In the past few weeks, Pinterest has been giving hints of what direction this money will take them in. They've introduced Guided Search, which offers up more specific search term categories to point you in the right direction if you're just "exploring," which sets their image search up to compete with Google. And they're also slowly expanding their Promoted Pins strategy, which is where they're actually going to make money. Pinterest is working with a small batch of U.S. brands, from ABC Family to Gap brands to Ziploc, as they roll this form of advertising out. It's this strategy that's prompted Kevin Roose at New York magazine to predict that one day the company will eat "its competitors alive."
In his piece, Roose posits that Pinterest is dismissed because its so lifestyle-focused, which is essentially just code for its being dismissed because it's considered a product for women, who might be appreciated by brands for their buying power but aren't really respected because their interests aren't serious enough. Yet they're one of the few tech start-ups actually working actively to hire women.

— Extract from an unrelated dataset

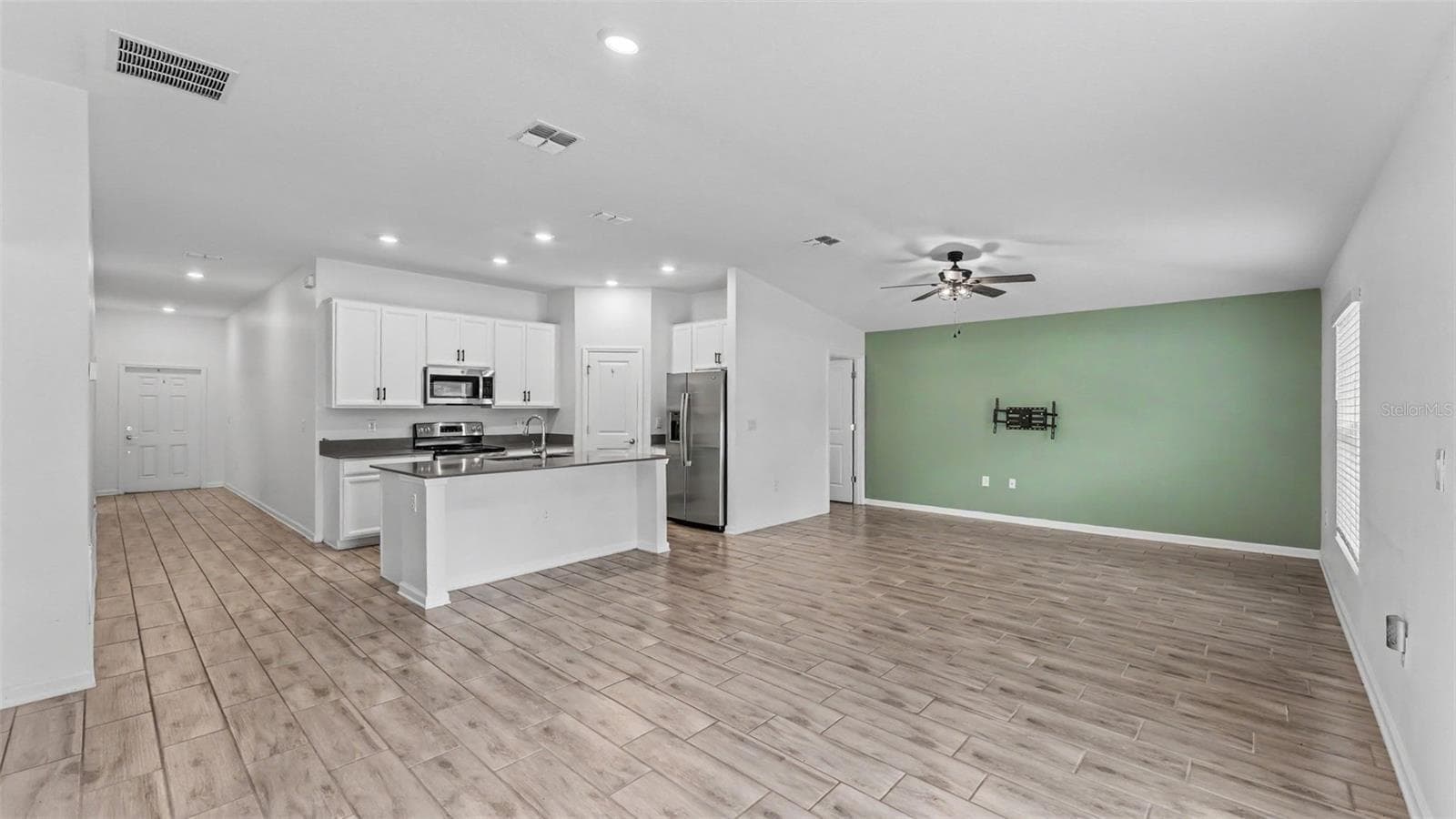 Single Family Residence at 272 PERSHING ST, BARTOW, photo 14 of 42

But ultimately, despite Pinterest's serious image copyright issues, a Pinterest spokeswoman confirmed the biggest thing they have going for them: they've managed to bridge the gap between ads and content in a way that doesn't make people feel distrustful. "Users don't really look at them as ads," Malorie Lucich told Roose of Promoted Pins. For Pinterest, that's a huge win that outweighs the hilarity of the fact that they've built their company on the backs of tastefully arranged mason jars.